== RECORDS PROVIDED ==
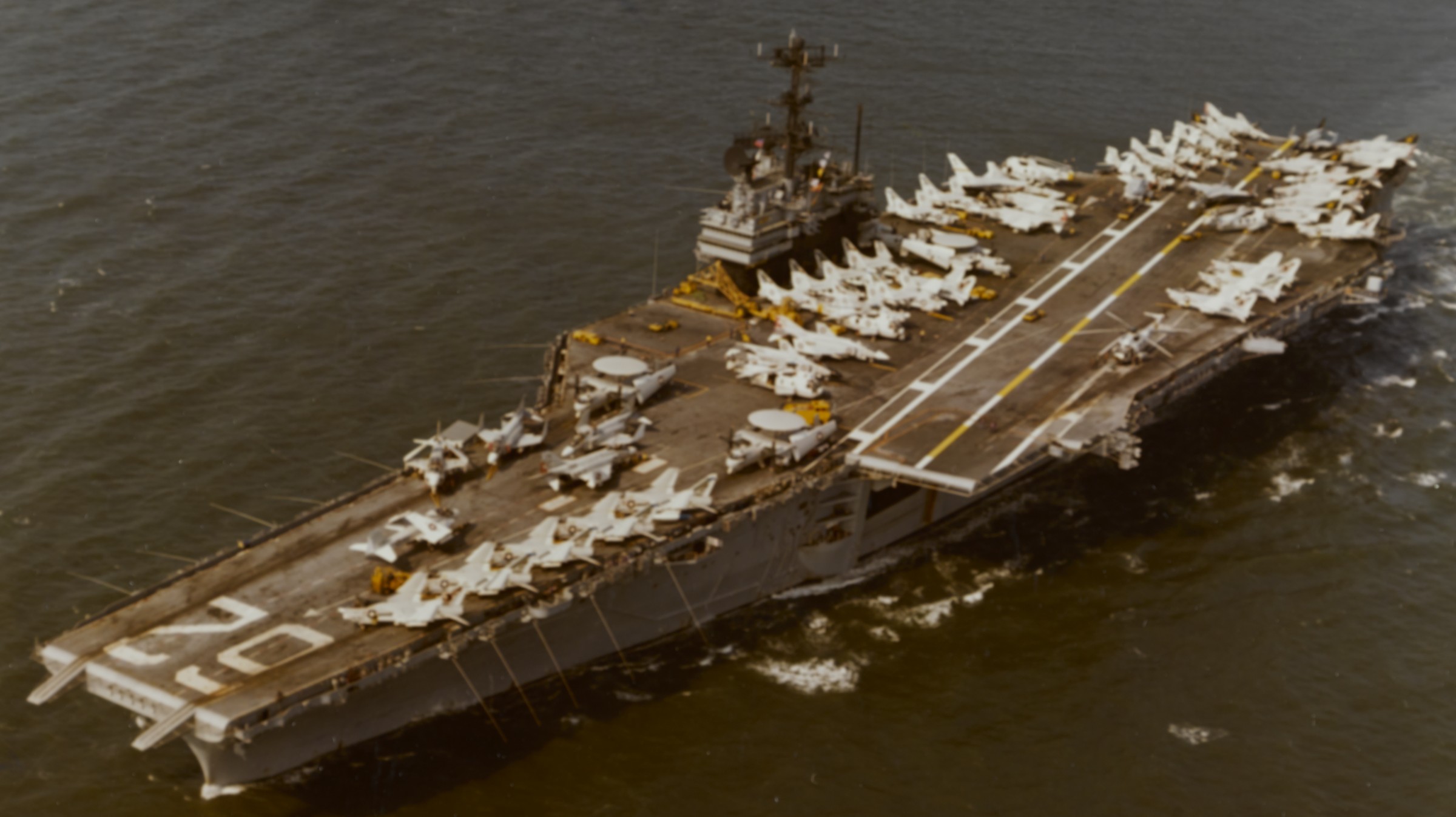 uss independence cv-62 forrestal class aircraft carrier air wing cvw-7 19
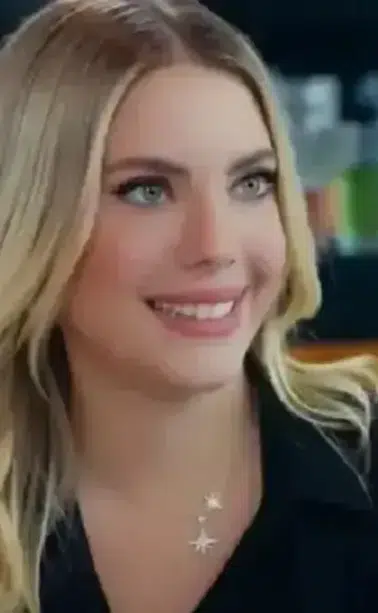 Eda Ece kızı Mina ile dergi çekiminde poz verdi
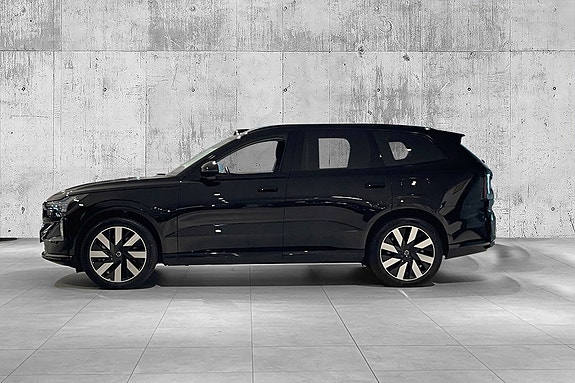 Volvo EX90 13 of 30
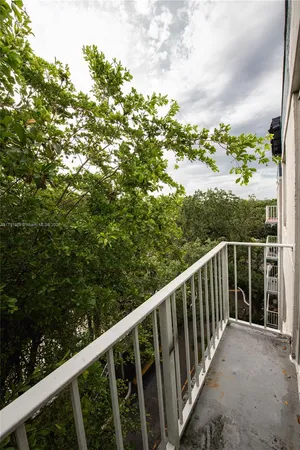 $335,000 | 1720 Northwest N River Drive, Unit 607, Miami, FL 33125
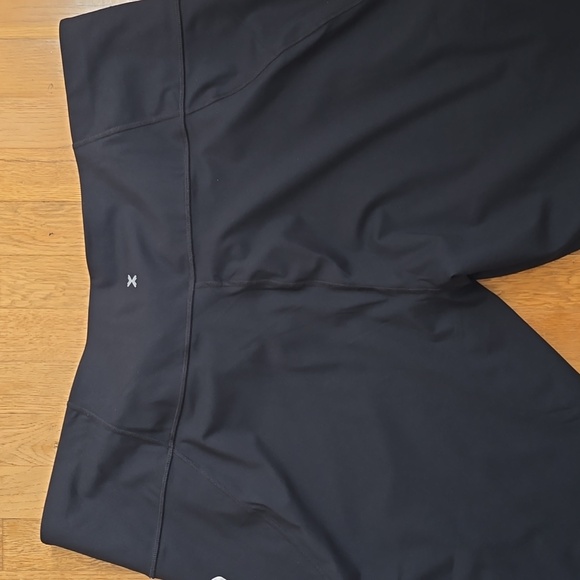XERSION WOMEN'S BLACK PLUS SIZE HIGH-RISE FITTED ATHLETIC CAPRI PANTS SIZE 4X - Picture 2 of 16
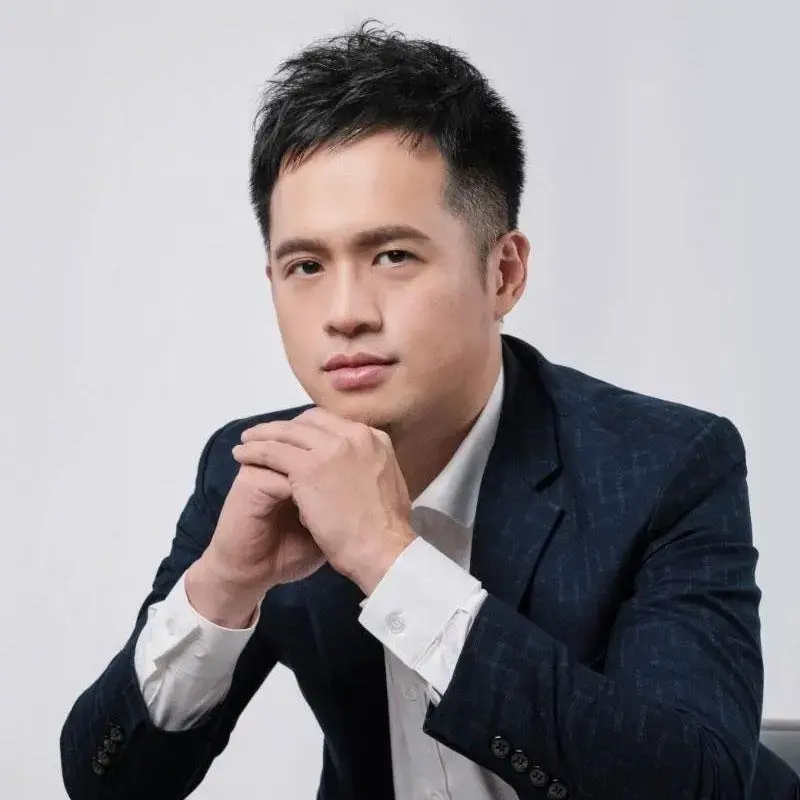 來客集團創辦人_王志桓董事長—收益型不動產之開發與經營 王志桓 董事長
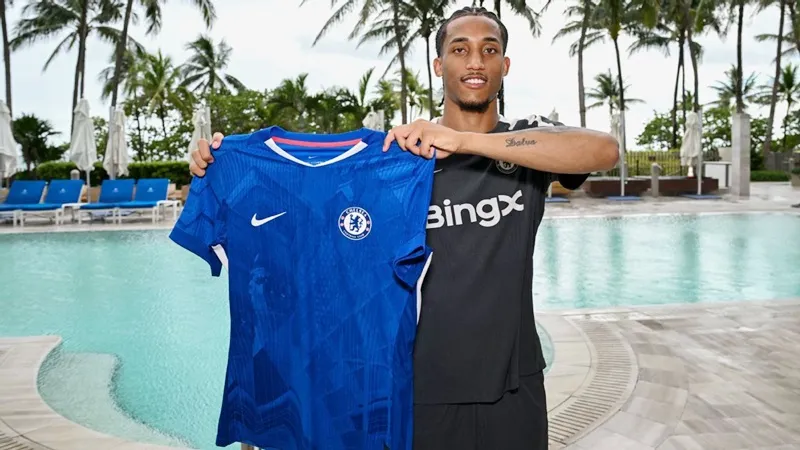 Joao Pedro đã chính thức hoàn thành chuyển giao từ Brighton đến Chelsea vào thứ Tư.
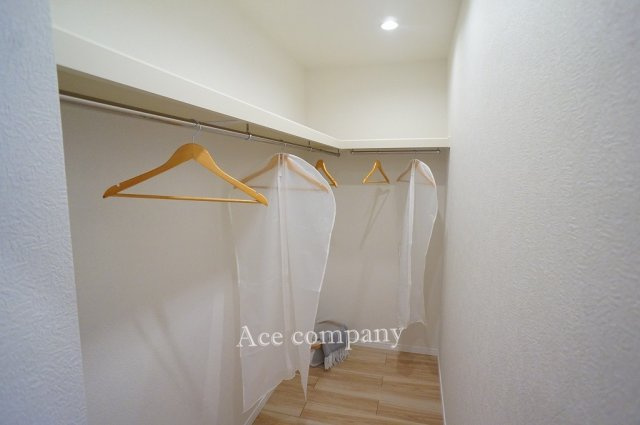 【収納】 | 深江橋コーポF号棟 | 廊下に大容量のウォークインクローゼットあります！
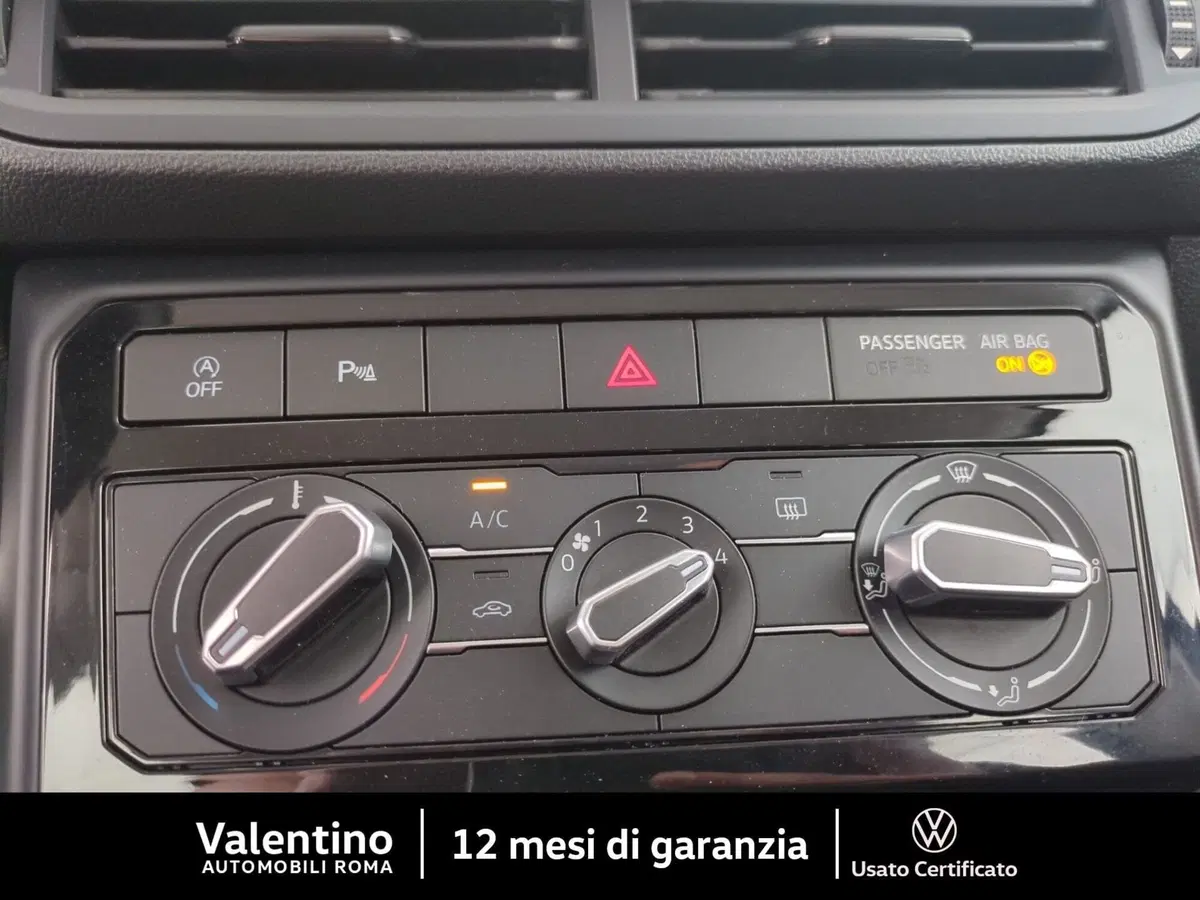 Volkswagen T-Cross usata a Roma (17)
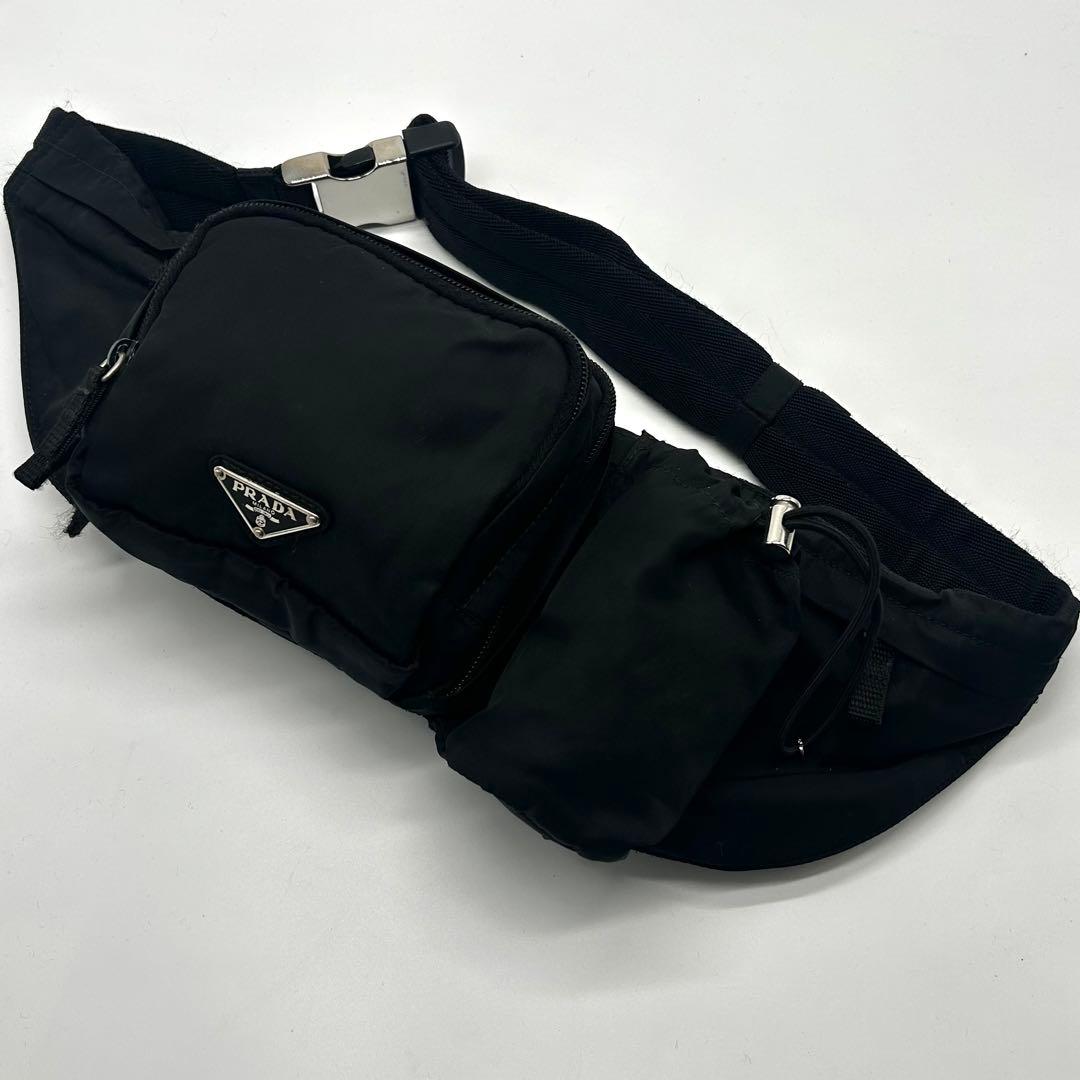 美品✨プラダ　ナイロン　ウエストポーチ　三角プレート　ブラック　シルバー金具 楽天市場】【中古】良品 PRADA プラダ 三角 ロゴ ナイロン 三角ロゴ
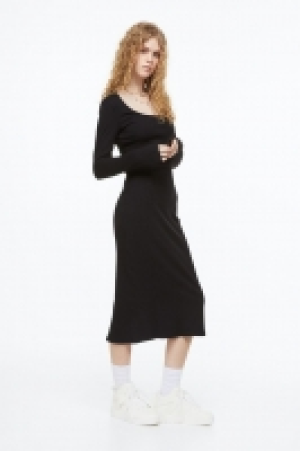 Robe moulante côtelée 10.99 €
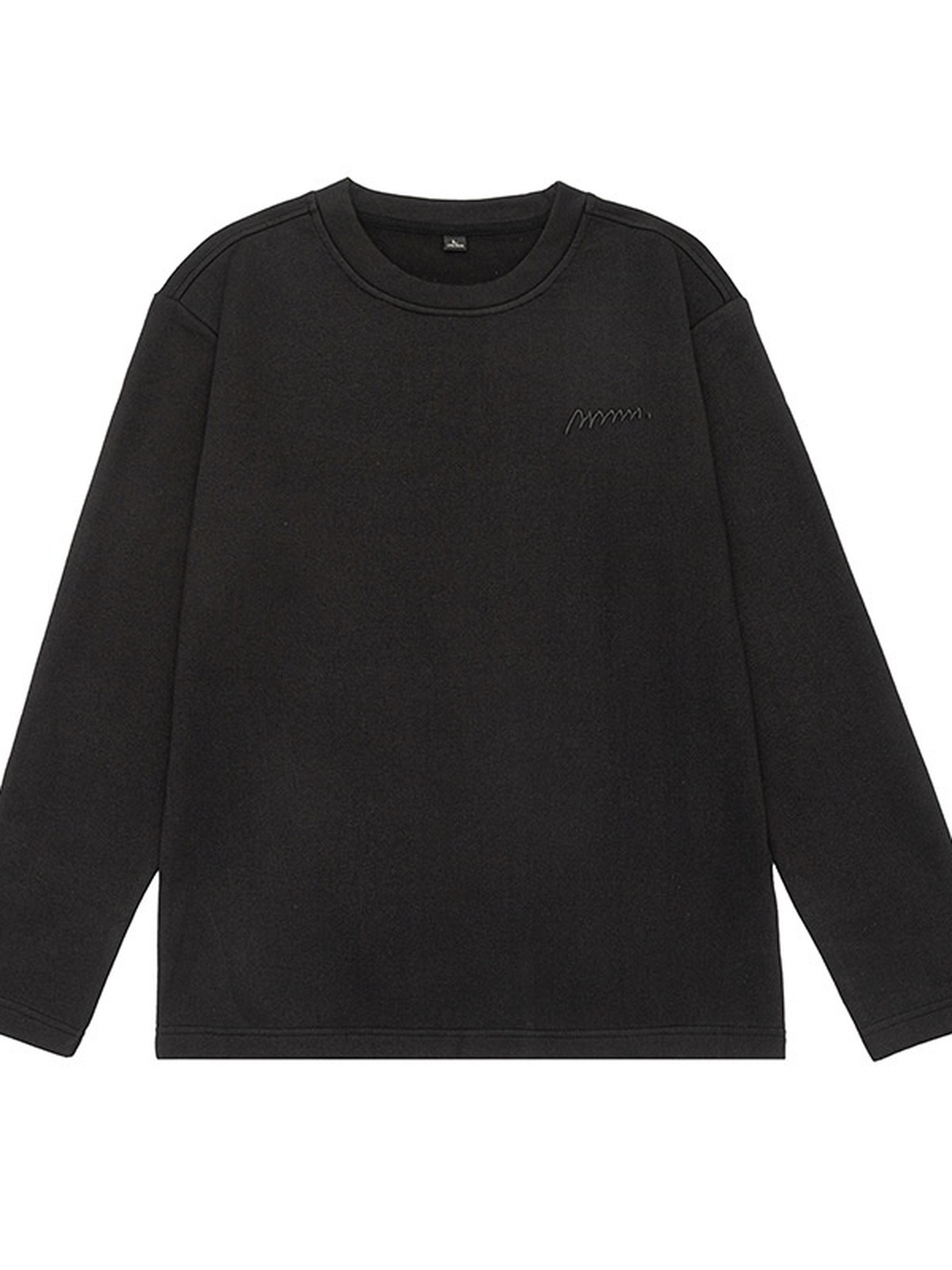 تيشيرت بأكمام طويلة وتفاصيل مطرزة للرجال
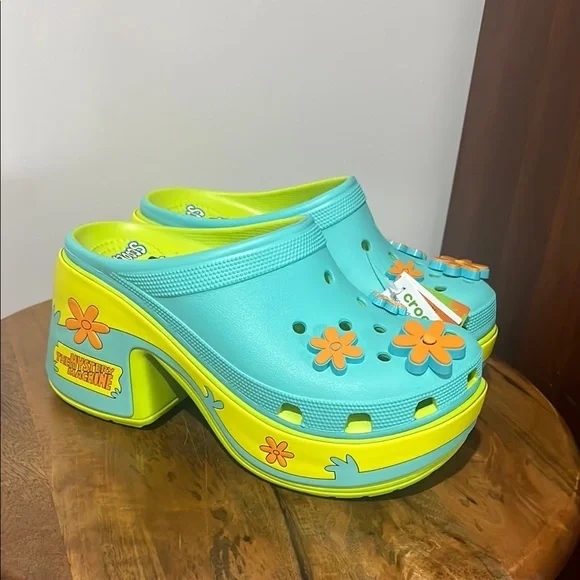 Siren Crocs Scooby Doo Clogs Size 9 - Picture 1 of 11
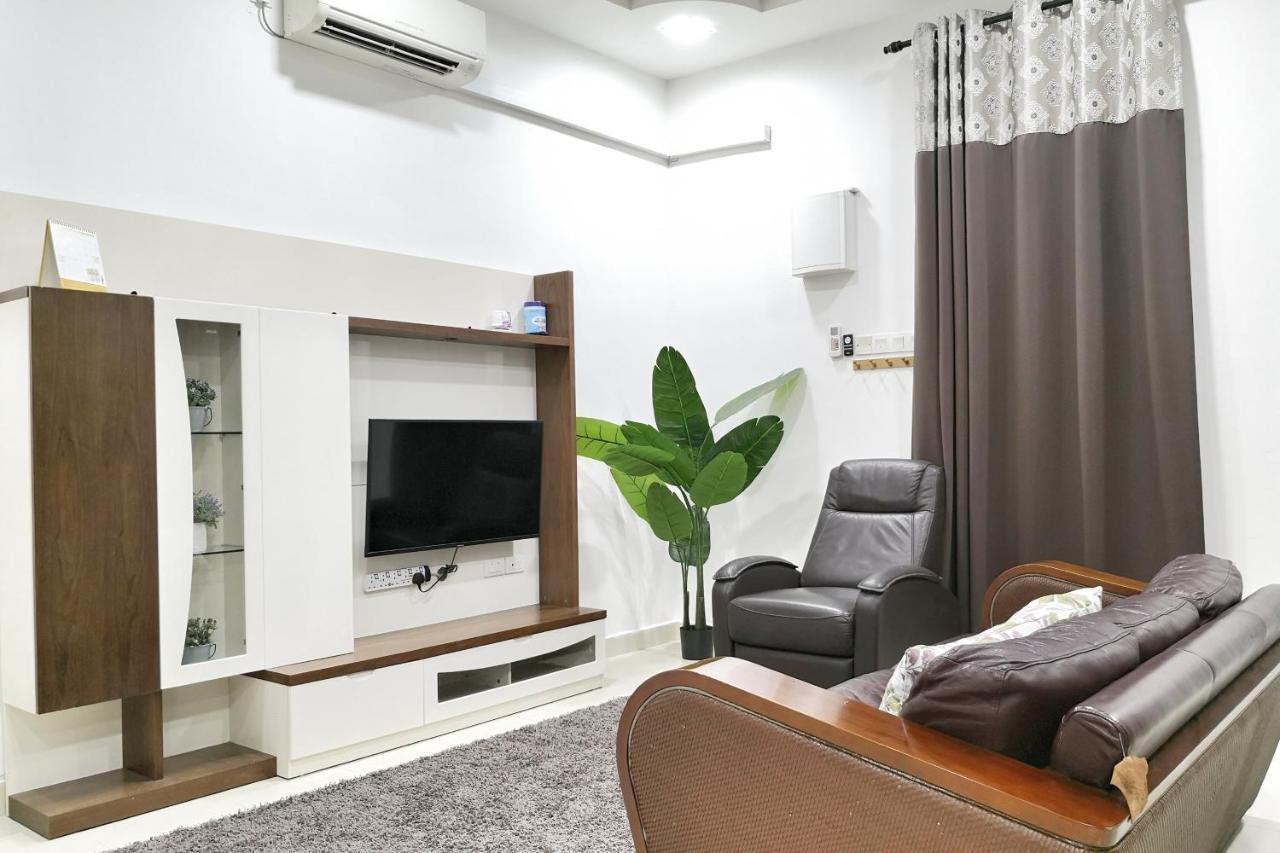 Teratak Persona Homestay. 4 Rooms Double Storey Terrace In Kuantan City. エクステリア 写真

== EXERCISE DETAILS ==
The answer is to be the lines of the listing from the first through the one with "Volkswagen T-Cross usata a Roma (17)", reproduced exactly, without any pictures.

== ANSWER FOR THIS EXERCISE ==
 uss independence cv-62 forrestal class aircraft carrier air wing cvw-7 19
 Eda Ece kızı Mina ile dergi çekiminde poz verdi
 Volvo EX90 13 of 30
 $335,000 | 1720 Northwest N River Drive, Unit 607, Miami, FL 33125
XERSION WOMEN'S BLACK PLUS SIZE HIGH-RISE FITTED ATHLETIC CAPRI PANTS SIZE 4X - Picture 2 of 16
 來客集團創辦人_王志桓董事長—收益型不動產之開發與經營 王志桓 董事長
 Joao Pedro đã chính thức hoàn thành chuyển giao từ Brighton đến Chelsea vào thứ Tư.
 【収納】 | 深江橋コーポF号棟 | 廊下に大容量のウォークインクローゼットあります！
 Volkswagen T-Cross usata a Roma (17)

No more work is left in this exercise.